Q: Will there be tests and homework?
A: Yes. Homework is assigned each night and initially may include up to 100 pages of reading per night. At least two written exams are given each week in addition to a weekly practical exam.
Q: Is this program considered an "international program" by university standards?
A: Aerie's Spring (Costa Rica) and Fall (India) Semesters are approved by the University of Montana's Office of International Programs (OIP) as Faculty Directed Programs, and, students in UM's Global Leadership Initiative, required to pursue a study abroad program, can choose Aerie's Semesters as one of those options.
Q: What does the "online coursework" consist of?
A: Because of the heavy reading load in the National Registry EMT text, we assign two chapters of reading and associated online quizzes during each of the three weeks preceding the start of each Semester. Students can complete this work wherever they happen to be, as long as they have internet access to submit their quiz answers. Grades for these quizzes count towards the final score in the Emergency Medical Technician and Incident Management course.
Q: What are Aerie’s academic expectations?
A: High. Aerie’s course policies outline our academic expectations; you will be given a handbook outlining our course policies once you have been accepted into the Semester. Students must receive passing grades on weekly exams to be eligible to test for the National Registry final exam; this is not an Aerie policy – it is a National Registry policy. Poor grades may result in expulsion from the program and may result in not being able to test for, or receive, your National Registry EMT certification.

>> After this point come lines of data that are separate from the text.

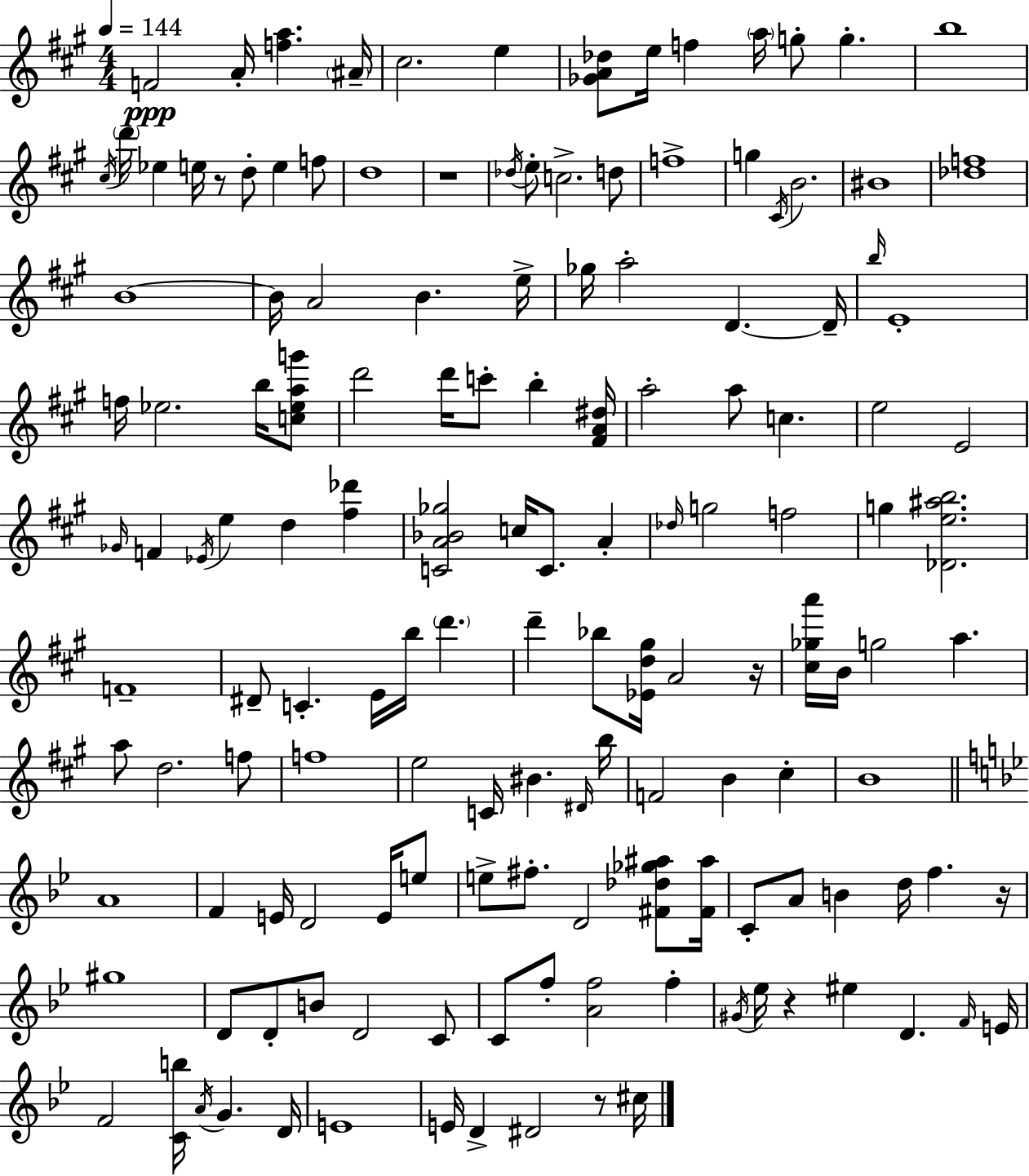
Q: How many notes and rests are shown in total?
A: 146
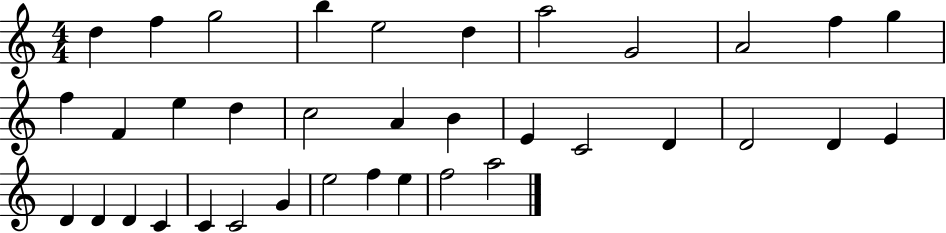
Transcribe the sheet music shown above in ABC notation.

X:1
T:Untitled
M:4/4
L:1/4
K:C
d f g2 b e2 d a2 G2 A2 f g f F e d c2 A B E C2 D D2 D E D D D C C C2 G e2 f e f2 a2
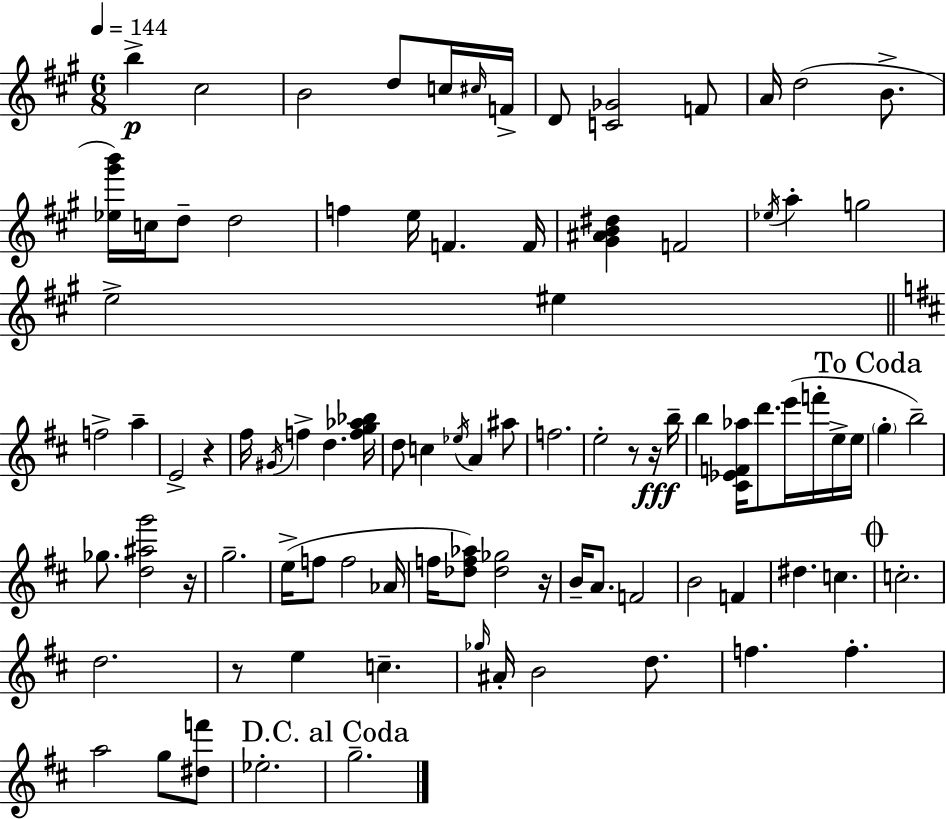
X:1
T:Untitled
M:6/8
L:1/4
K:A
b ^c2 B2 d/2 c/4 ^c/4 F/4 D/2 [C_G]2 F/2 A/4 d2 B/2 [_e^g'b']/4 c/4 d/2 d2 f e/4 F F/4 [^G^AB^d] F2 _e/4 a g2 e2 ^e f2 a E2 z ^f/4 ^G/4 f d [fg_a_b]/4 d/2 c _e/4 A ^a/2 f2 e2 z/2 z/4 b/4 b [^C_EF_a]/4 d'/2 e'/4 f'/4 e/4 e/4 g b2 _g/2 [d^ag']2 z/4 g2 e/4 f/2 f2 _A/4 f/4 [_df_a]/2 [_d_g]2 z/4 B/4 A/2 F2 B2 F ^d c c2 d2 z/2 e c _g/4 ^A/4 B2 d/2 f f a2 g/2 [^df']/2 _e2 g2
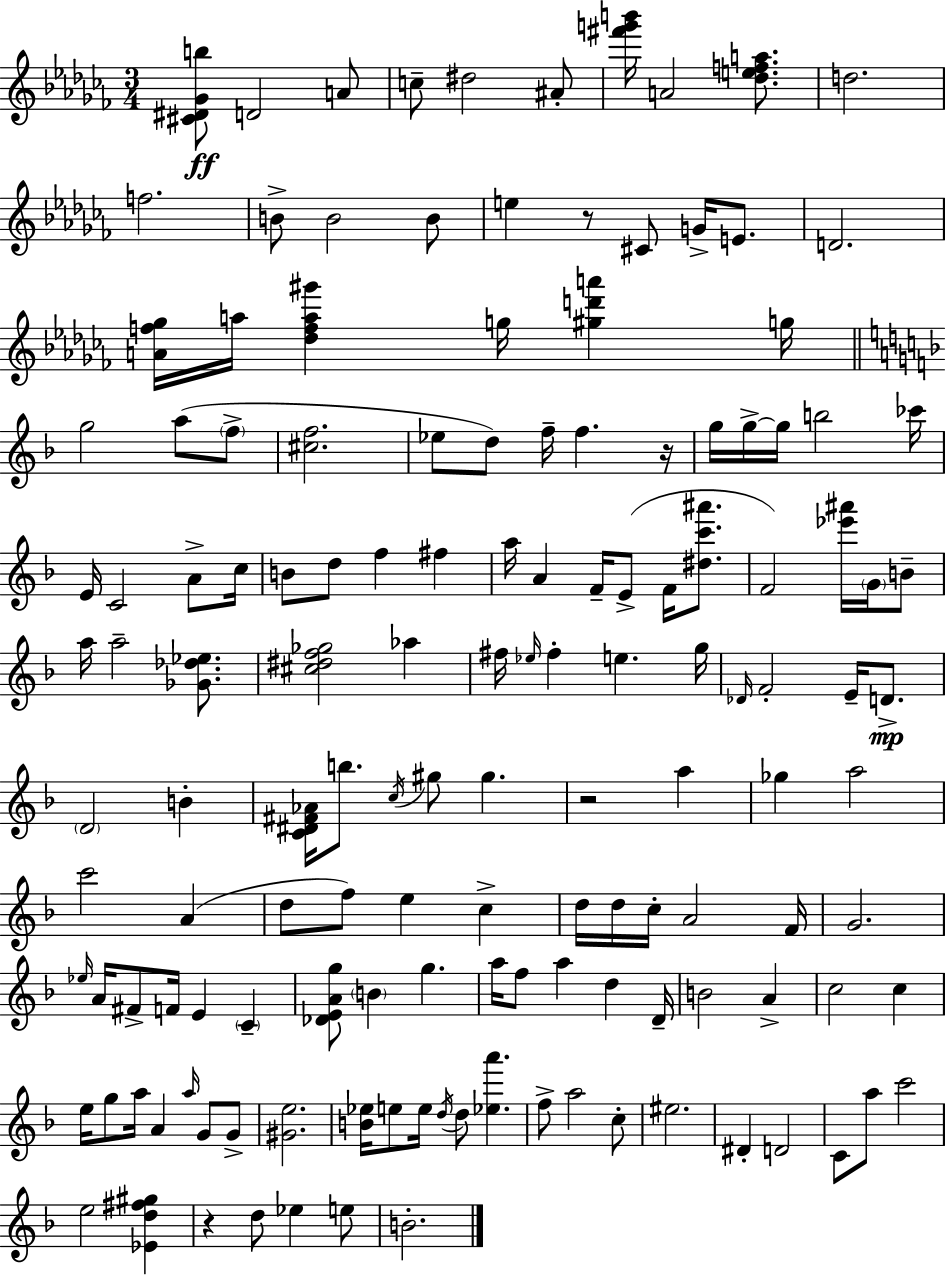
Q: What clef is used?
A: treble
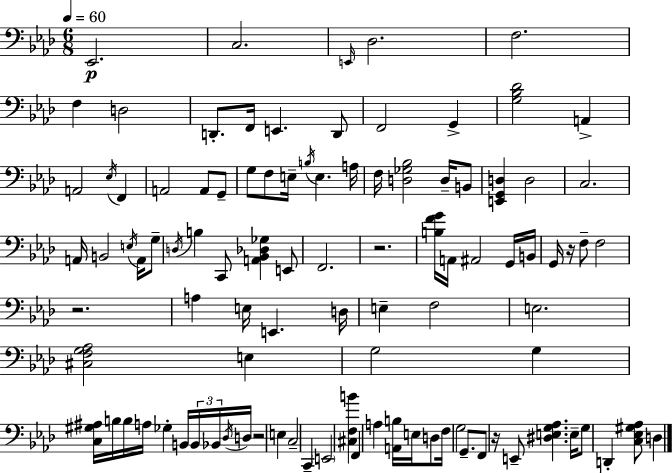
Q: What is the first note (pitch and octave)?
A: Eb2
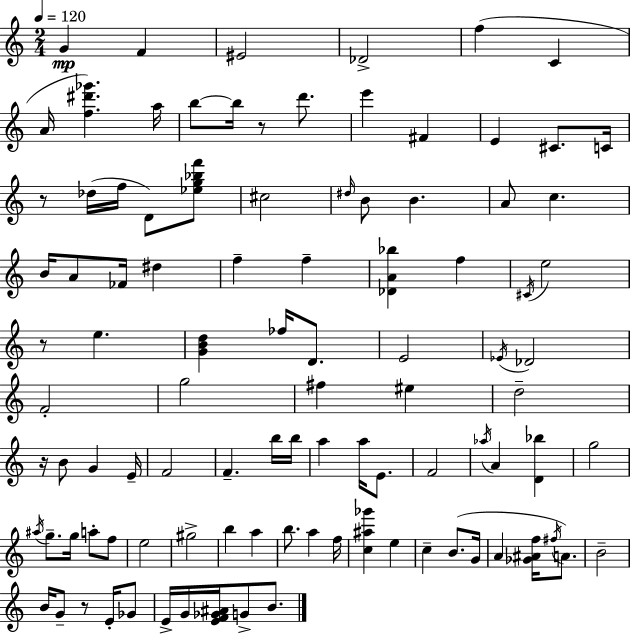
G4/q F4/q EIS4/h Db4/h F5/q C4/q A4/s [F5,D#6,Gb6]/q. A5/s B5/e B5/s R/e D6/e. E6/q F#4/q E4/q C#4/e. C4/s R/e Db5/s F5/s D4/e [Eb5,G5,Bb5,F6]/e C#5/h D#5/s B4/e B4/q. A4/e C5/q. B4/s A4/e FES4/s D#5/q F5/q F5/q [Db4,A4,Bb5]/q F5/q C#4/s E5/h R/e E5/q. [G4,B4,D5]/q FES5/s D4/e. E4/h Eb4/s Db4/h F4/h G5/h F#5/q EIS5/q D5/h R/s B4/e G4/q E4/s F4/h F4/q. B5/s B5/s A5/q A5/s E4/e. F4/h Ab5/s A4/q [D4,Bb5]/q G5/h A#5/s G5/e. G5/s A5/e F5/e E5/h G#5/h B5/q A5/q B5/e. A5/q F5/s [C5,A#5,Gb6]/q E5/q C5/q B4/e. G4/s A4/q [Gb4,A#4,F5]/s F#5/s A4/e. B4/h B4/s G4/e R/e E4/s Gb4/e E4/s G4/s [E4,F4,Gb4,A#4]/s G4/e B4/e.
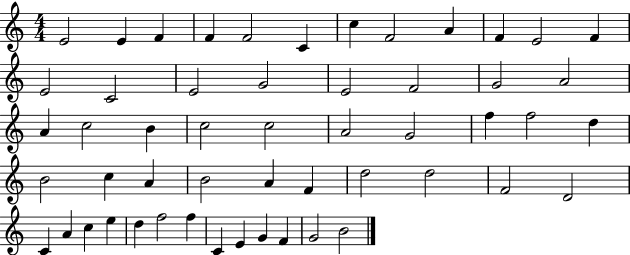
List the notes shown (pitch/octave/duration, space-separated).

E4/h E4/q F4/q F4/q F4/h C4/q C5/q F4/h A4/q F4/q E4/h F4/q E4/h C4/h E4/h G4/h E4/h F4/h G4/h A4/h A4/q C5/h B4/q C5/h C5/h A4/h G4/h F5/q F5/h D5/q B4/h C5/q A4/q B4/h A4/q F4/q D5/h D5/h F4/h D4/h C4/q A4/q C5/q E5/q D5/q F5/h F5/q C4/q E4/q G4/q F4/q G4/h B4/h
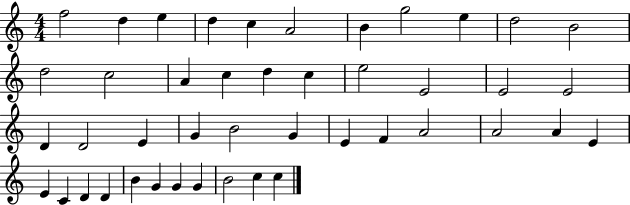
{
  \clef treble
  \numericTimeSignature
  \time 4/4
  \key c \major
  f''2 d''4 e''4 | d''4 c''4 a'2 | b'4 g''2 e''4 | d''2 b'2 | \break d''2 c''2 | a'4 c''4 d''4 c''4 | e''2 e'2 | e'2 e'2 | \break d'4 d'2 e'4 | g'4 b'2 g'4 | e'4 f'4 a'2 | a'2 a'4 e'4 | \break e'4 c'4 d'4 d'4 | b'4 g'4 g'4 g'4 | b'2 c''4 c''4 | \bar "|."
}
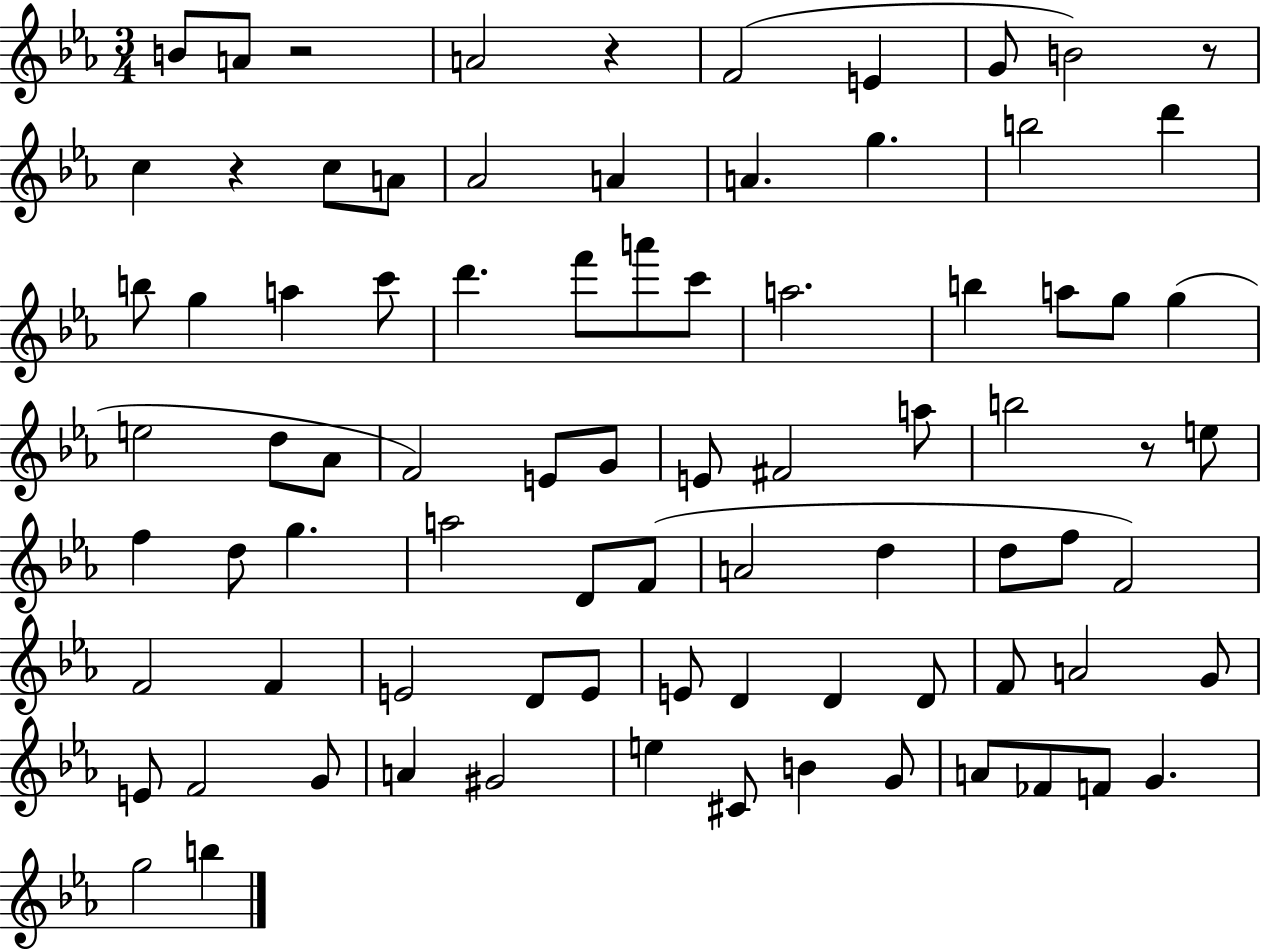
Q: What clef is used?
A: treble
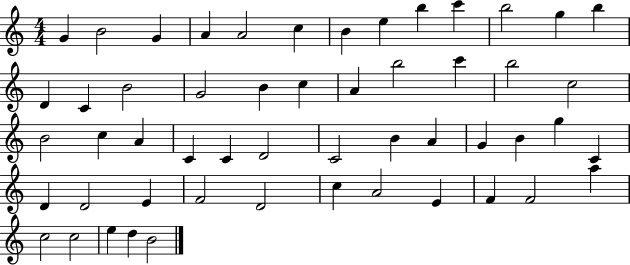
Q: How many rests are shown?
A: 0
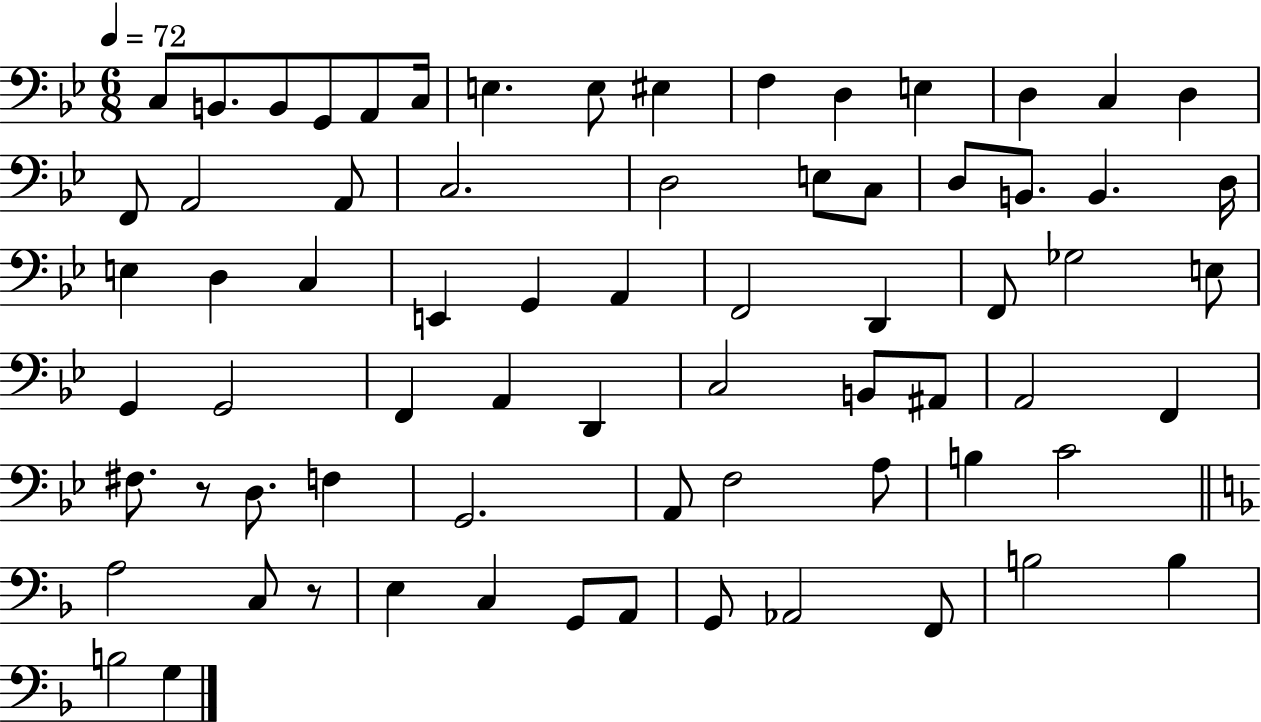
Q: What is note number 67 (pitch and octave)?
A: B3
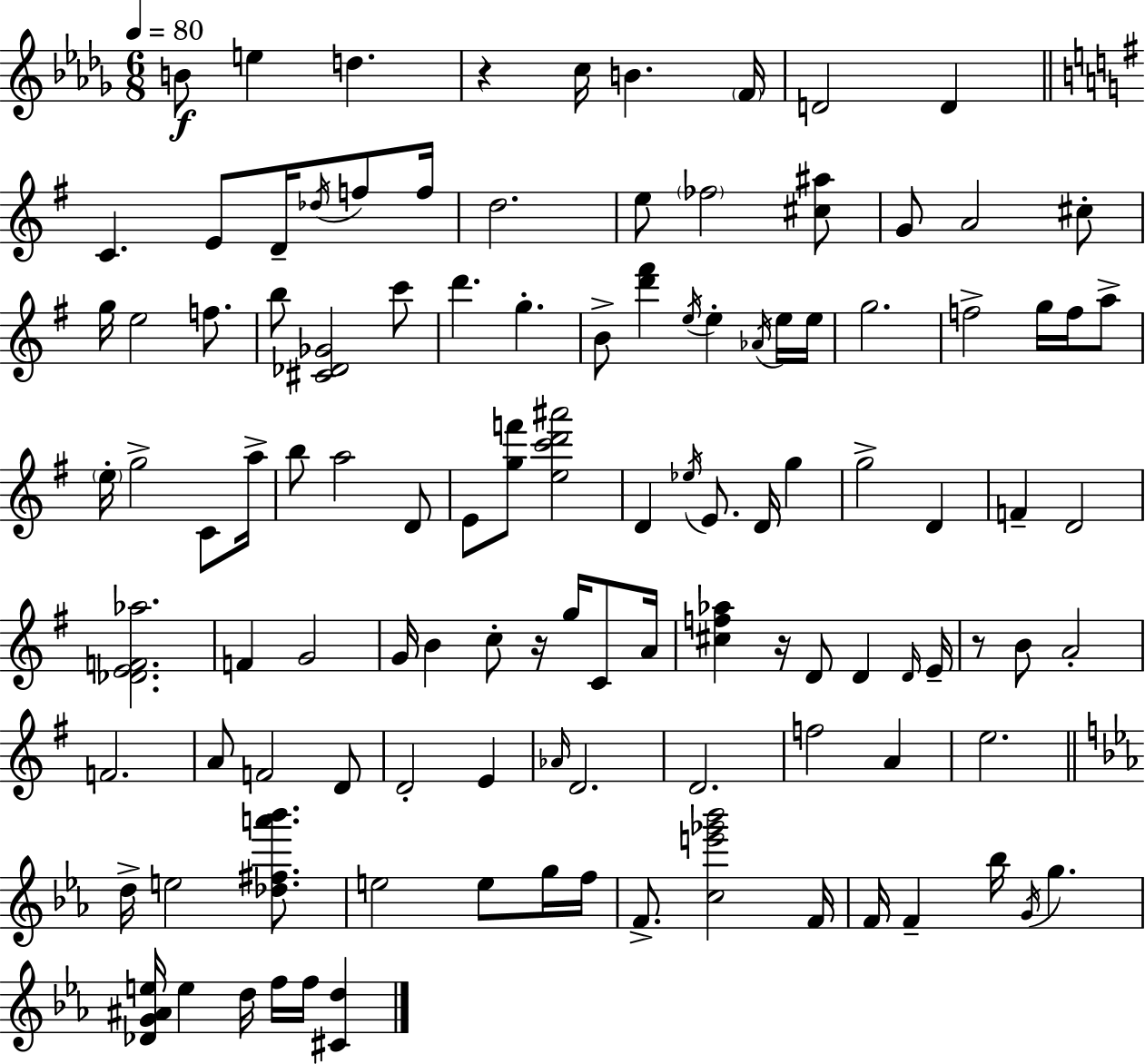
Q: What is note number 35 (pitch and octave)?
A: F5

Q: Do I need to be enrolled in college to participate in the Semester?
A: No, participants do not need to be university students to enroll. However, they may need to be enrolled to receive federal financial aid and university sponsored health insurance.
Q: Are there any prerequisites for the Semester?
A: Students must be ready for an intense, challenging experience, but there are no specific academic prerequisites. Many of our best students have had no previous medical training. Students must be 18 years of age. In addition, to test for and receive National Registry EMT certification, students must have a high school diploma/ GED and have no current felony convictions. Otherwise, we expect students to arrive with a solid work ethic, open mind and positive attitude.